Wednesday, February 26, 2020

China's Production Resumption Key to Future of Globalization
Global Times
2020/2/26 21:07:25
Photo: Xinhua

Globalization is facing an unprecedented backlash as delivery delays and inventory shortages caused by the ferocious coronavirus outbreak have put the global economy, which is highly dependent on China's supply chain, at risk of heavy losses.

China is making great efforts to promote work resumption to address the temporary disruptions to the global supply chain. To a large extent, how fast China can return to work is crucial not only in terms of its own economic reboot but also to the future of globalization.

It is true that the virus outbreak has led some companies to shift their supply chains away from China, but more manufacturers in industries like vehicles, smartphones and even textiles had to halt production or are on the verge of work suspension due to inventory shortages, because no other country in the world has the capacity to replace China's role in the global industrial chain. Only work resumption in China can end the current predicament facing the global economy.

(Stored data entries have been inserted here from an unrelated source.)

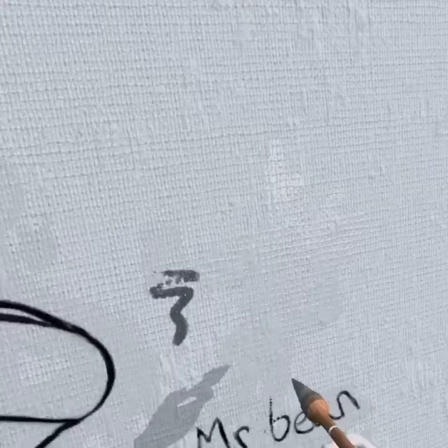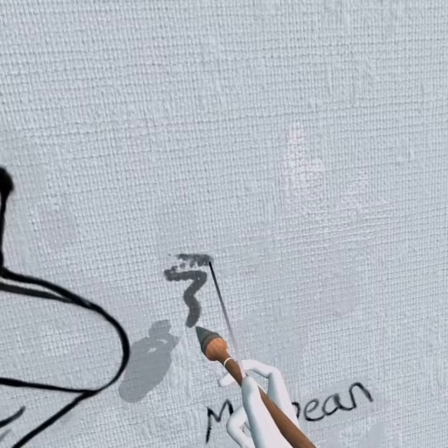Coming up to finish now. I've finished the bottom of his mouth, put some creases in the top of his head. You can see the paint dripping down the canvas there — because it's dripped down it's got a bit lighter. So I've used that, colour picked it, and now I've got a nice light grey. I can just fill the top of his head in.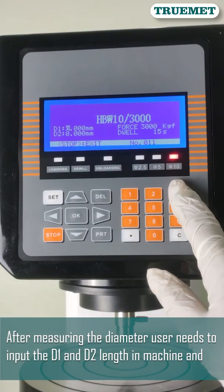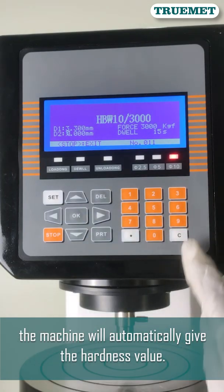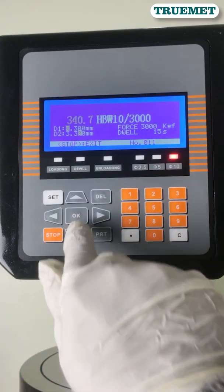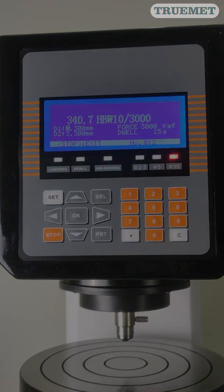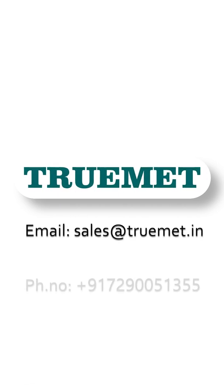After measuring the diameter, the user needs to input the D1 and D2 values into the machine, and the machine will automatically give the hardness value. For further details, contact through the email or phone number mentioned.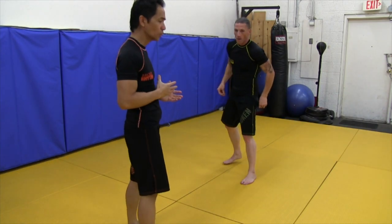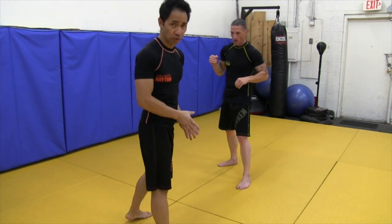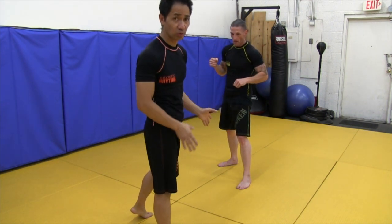When you do this move, you can also touch the ground if you want. There's no rule against touching the ground — you're going to have to touch the ground when you throw this knee.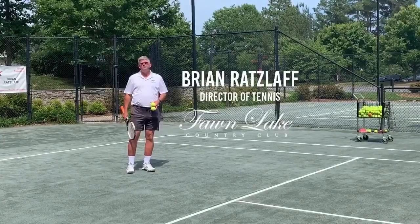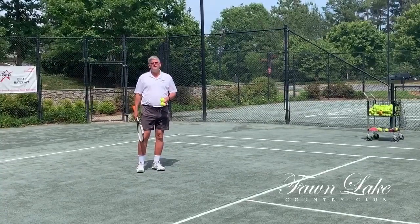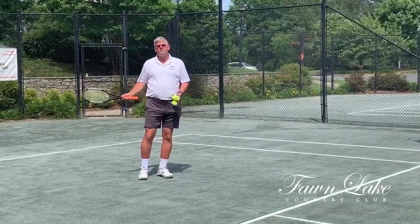Hi, I'm Brian Ratzloff, USPTA Elite Professional and Tennis Director here at the Fallen Lake Tennis Center. I'd like to talk this week about how to judge slice.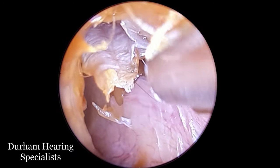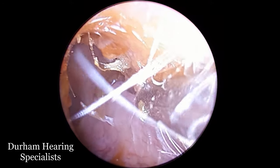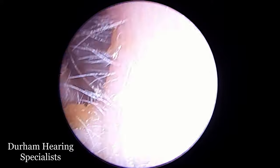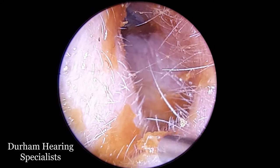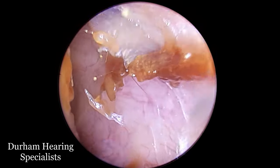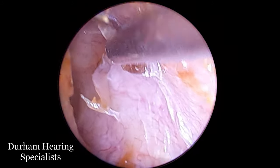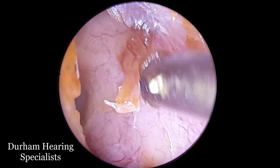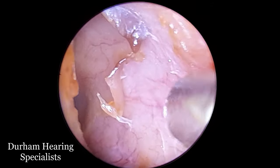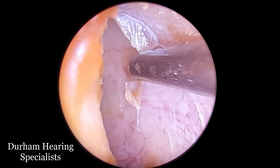Now we're just going to tidy up. There's some along the roof of the ear canal. Normally if this was just brown wax I wouldn't be overly bothered leaving some in there. If you look at most of the videos on this channel you'll see that I often leave wax in the ear canal because it has antimicrobial qualities, prevents the ear from drying out and becoming itchy, defends against foreign bodies, and has all sorts of benefits. But in the case of dead skin like this — particularly flaps of dead skin adhered to the canal — it's not overly useful to leave that in there; it has very little benefit at all.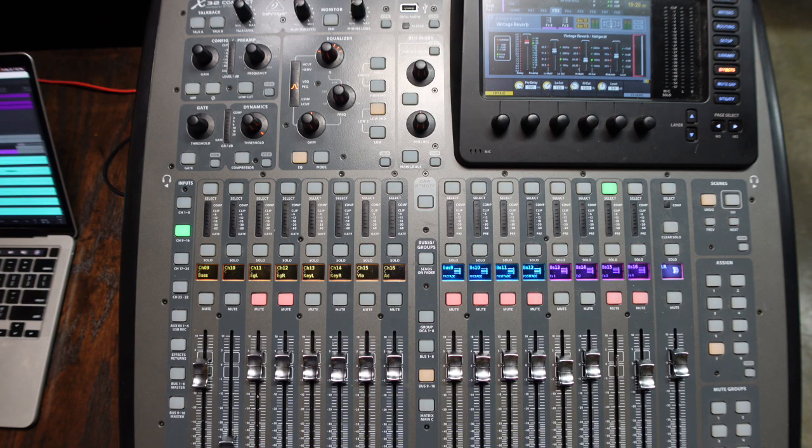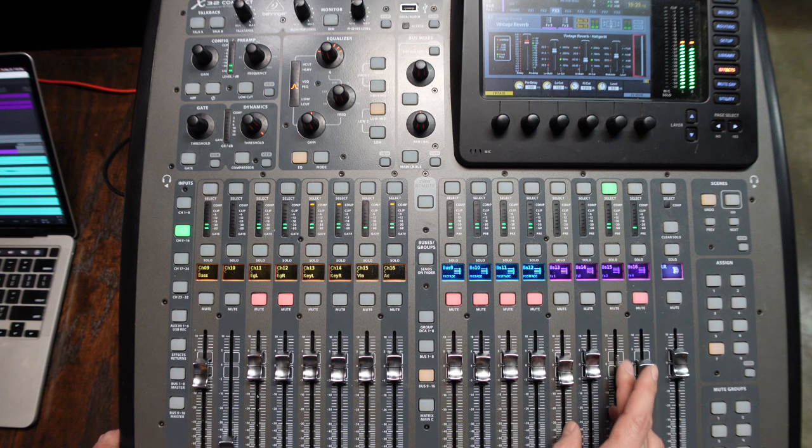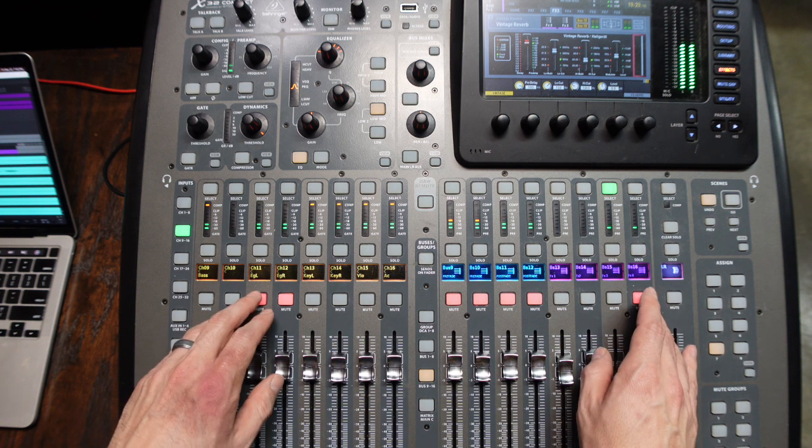Here's the dry signal. With the verb. And then the whole mix.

Over the past few weeks, the network connecting and supporting China's manufacturing activities has been temporarily disrupted as part of the effort to contain the virus' spread. Now it is urgent to get economic activities back to normal, meaning that obstacles to the entire production chain outside Hubei, the epicenter province of the coronavirus outbreak, should be eliminated: factories need to accelerate work resumption, while transportation, customs, ports and all other supporting industries need to resume operation.

In order to revive the almost stagnant economy, Chinese financial regulators have rolled out measures such as liquidity injections, loosened credit, tax cuts and exemptions to prevent the country's small and medium-sized enterprises (SMEs) from being overwhelmed by heavy operation burdens. While support measures may alleviate the pressure, their survival depends on the market, not subsidies, and market supply gaps won't wait forever.

According to the Ministry of Industry and Information Technology, only 30 percent of SMEs restarted operations as of Tuesday. The progress of the nationwide work resumption has been indeed slow, maybe because the fight against the virus is still on, and that's the test the Chinese economy must overcome.

Globalization has integrated the global value chain, which China has benefited from and contributed a lot to over the decades.

We should not forget that China's importance to the world economy is built on its own manufacturing strength and resilience. It is impossible for the global production chain to wait for China's restart for too long.